The main problem with this way of thinking, other than that it’s incorrect, is that it frames the relationship in terms that favor the company over you. By giving the credit card company all the power, it minimizes your value, and could actually make it harder for you to stand up for yourself when negotiating with the company.
To begin with, let’s address this myth:
“When you pay your balance in full every month, you lose the credit card company money.”
This is false. The credit card company doesn’t get to charge you interest, sure, but it still earns merchant transaction fees every time you use your card somewhere. It’s in the company’s interest that you use the card frequently, whether you carry a balance or not.
“The company has to raise rates to try to make money off of you.”
This is only partly true. If you carry a balance, then any rate hike is going to generate extra money—but the company knows that it runs the risk of you closing the account and freezing the balance, limiting potential future revenue.
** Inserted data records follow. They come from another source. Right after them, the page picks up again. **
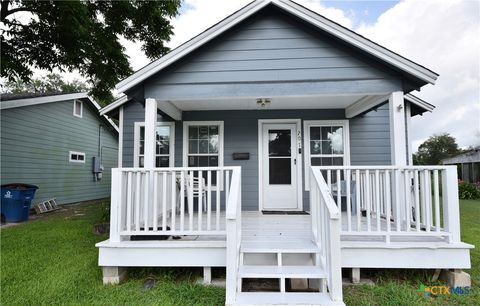Single Family Residence in Refugio TX 207 James Street.jpg
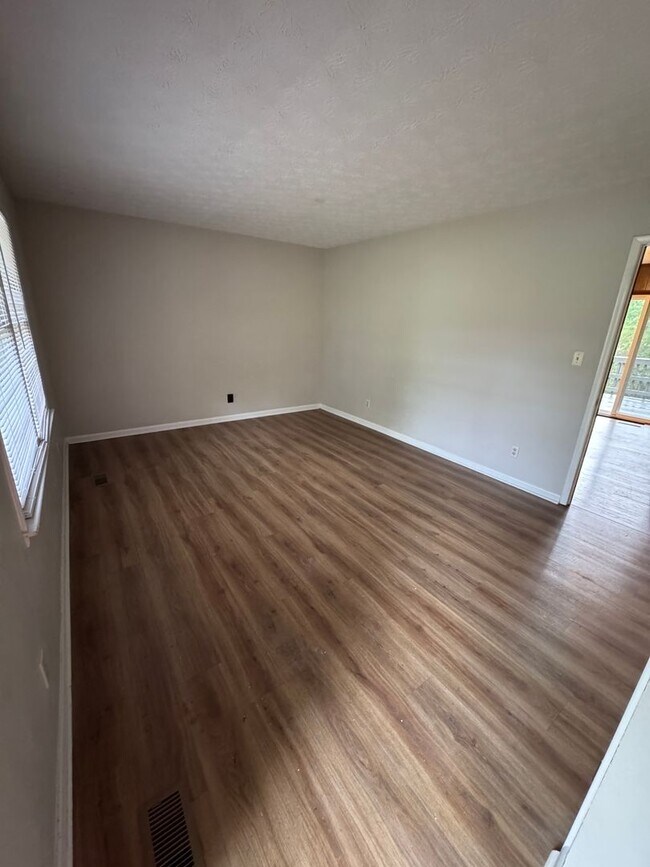 Photo - 1215 Wildoak Dr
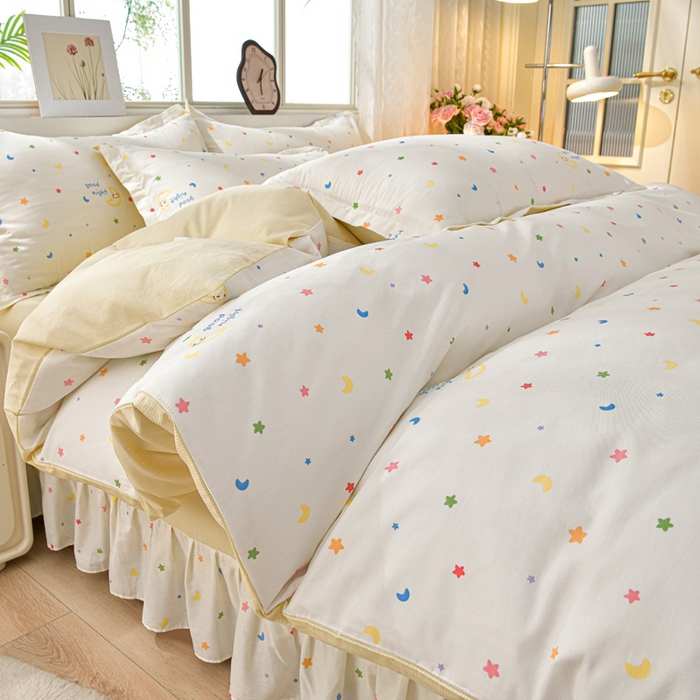 91家纺网 家纺一手货源 找家纺 绘萱家居 2025新款100%全棉床裙款斜纹印花四件套 星光灿烂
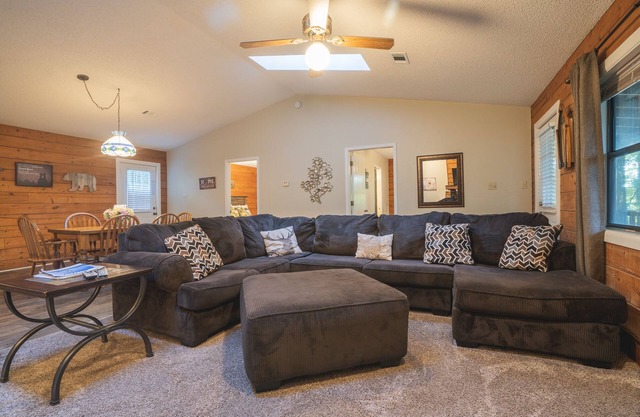 Cabin H at Safe Harbor Brady Mountain on Lake Ouachita!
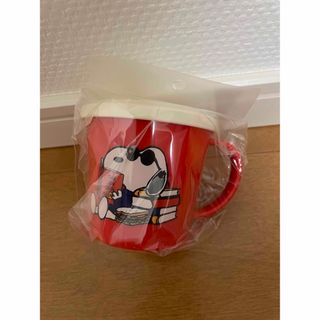 ピーナッツ(PEANUTS)のマグカップ(グラス/カップ)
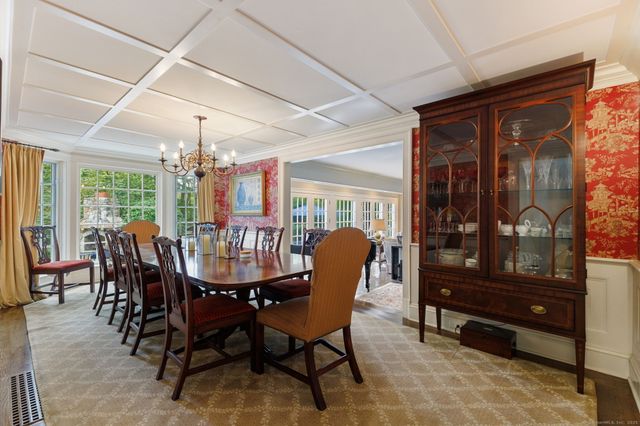 758 Smith Ridge Road, New Canaan, CT 06840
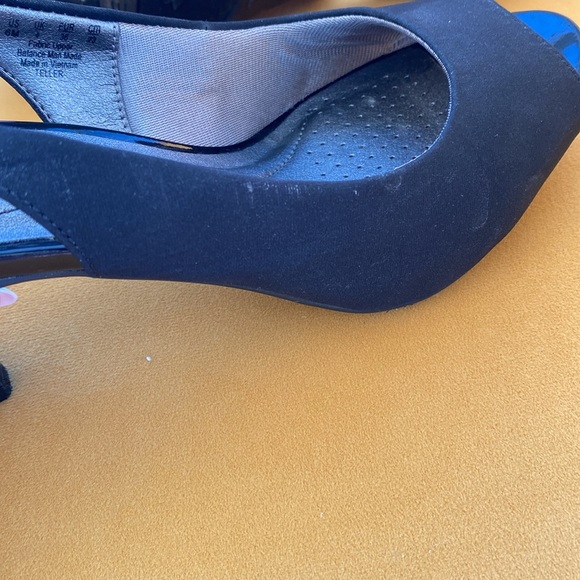 Life Stride, Size 6, Black, Sling Back Heels, Soft System Heels - Picture 11 of 11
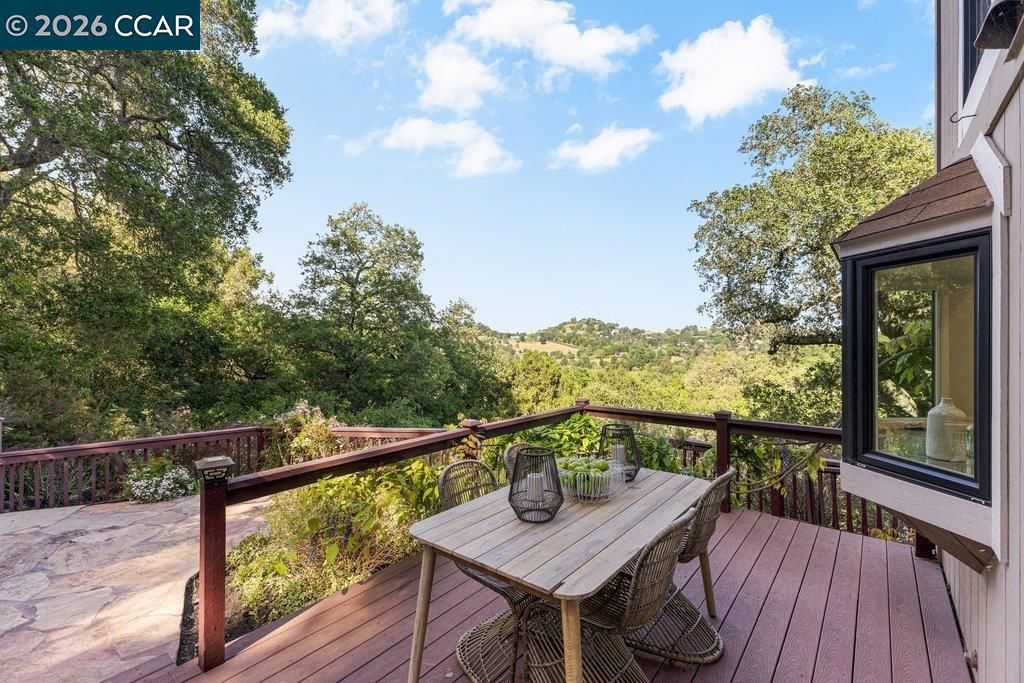 Image 15 of property listing at 14 Springhill Lane, Lafayette, CA 94929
If you’re one of those no-balance people, there’s probably another, long-term reason for the rate hike. After all, if you don’t carry a balance, no interest rate is going to generate extra money. The company might be trying to increase its potential payout if you start carrying a balance one day, but remember that they have a detailed view of your payment history; if it’s obvious you never carry a balance, then a 5% or 50% interest rate is going to earn them the same amount: zilch.
So why would a company hike the rate on no-balance customers? Maybe it’s simply in their interest to carry more high-rate accounts than low-rate ones, and this is the perfect economic environment to slide a chunk of accounts over to the high-rate range under the excuse of “market conditions.” Maybe it’s really not as personal as you might think, but simply a consequence of decreased competition for your business—the company knows it isn’t going to have to fight as hard to keep customers, so why not make the terms more favorable for them while they’ve got the chance? If you ever do start carrying a balance, they’ll be glad they did.
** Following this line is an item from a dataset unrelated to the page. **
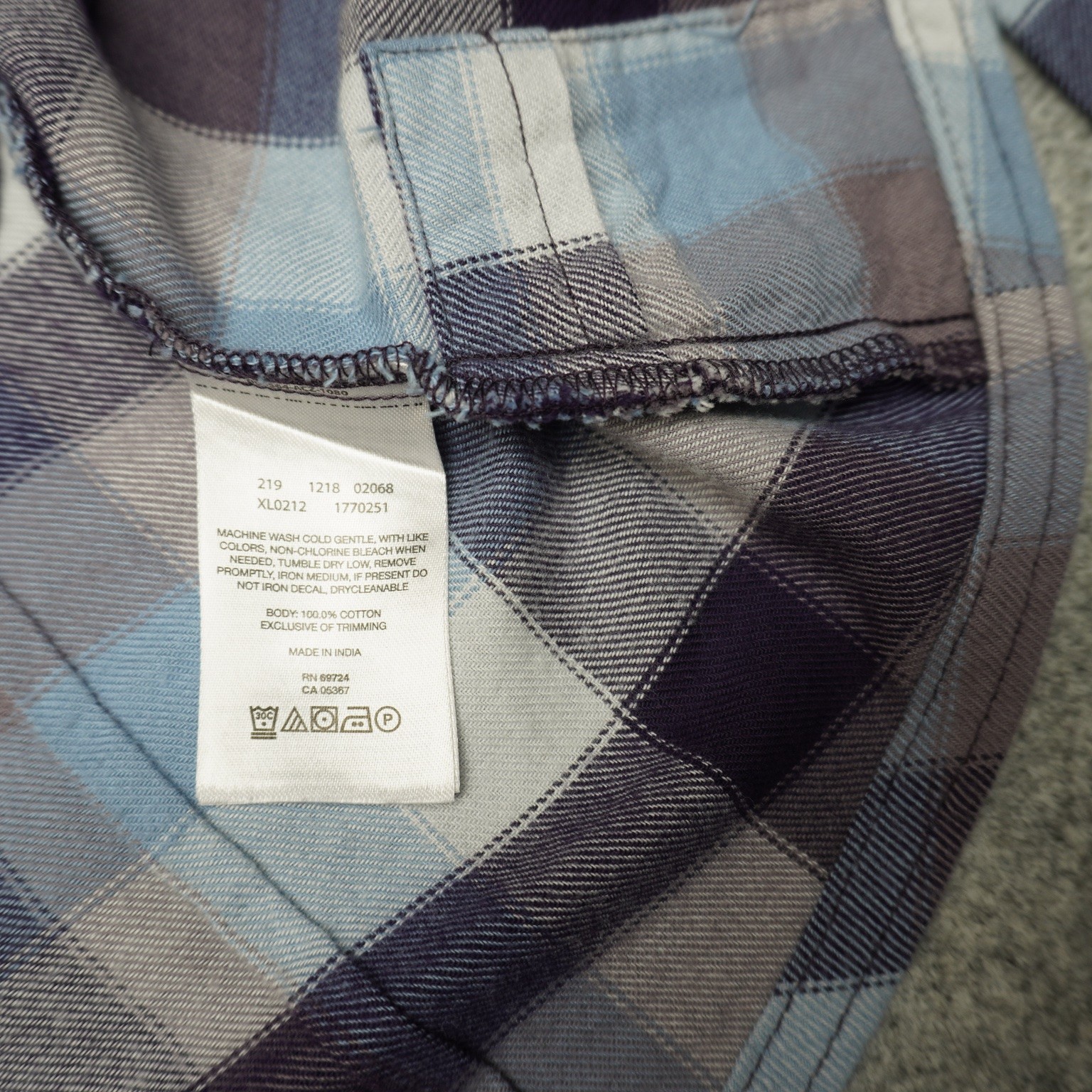 Columbia Flannel Shirt Women’s M Plaid Blue Gray Purple Cotton Button Up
If a company really wants to guarantee extra profits from all customers, including the prompt-paying ones, the only way to do it is to charge a fee of some sort. They can invent an annual fee, for example, or create new fees for transfers or special uses of the card (like obtaining cash advances or paying your taxes). Or they can play really dirty, and drastically reduce your credit limit to increase the odds that you’ll generate over-the-limit fees.
“You’re not a good customer if you’re not generating the maximum revenue possible for your customer profile.”
Yeah, right. Look, you’re certainly not an ideal customer, but if you were actively losing the company money, it would simply stop doing business with you.
Credit card companies are adjusting agreements to be more in their favor because, quite simply, they can right now. If there’s not a lot of demand for your business—as in our current economy, for instance—any smart credit card company is going to downgrade its terms accordingly. After all, they aren’t going to have to compete as strongly to attract new customers or keep existing ones. The idea that “no one is lending or accepting new credit card applications” is so popular right now that it works in companies’ favor, by making customers think they’re powerless to negotiate for more favorable terms.
So remember: although it may be harder to negotiate these days, and although credit card companies may be less willing to budge on terms, you shouldn’t think of yourself as a “bad customer” who deserves what you get. It’s self-defeating, and it’s how the credit card companies would prefer you think.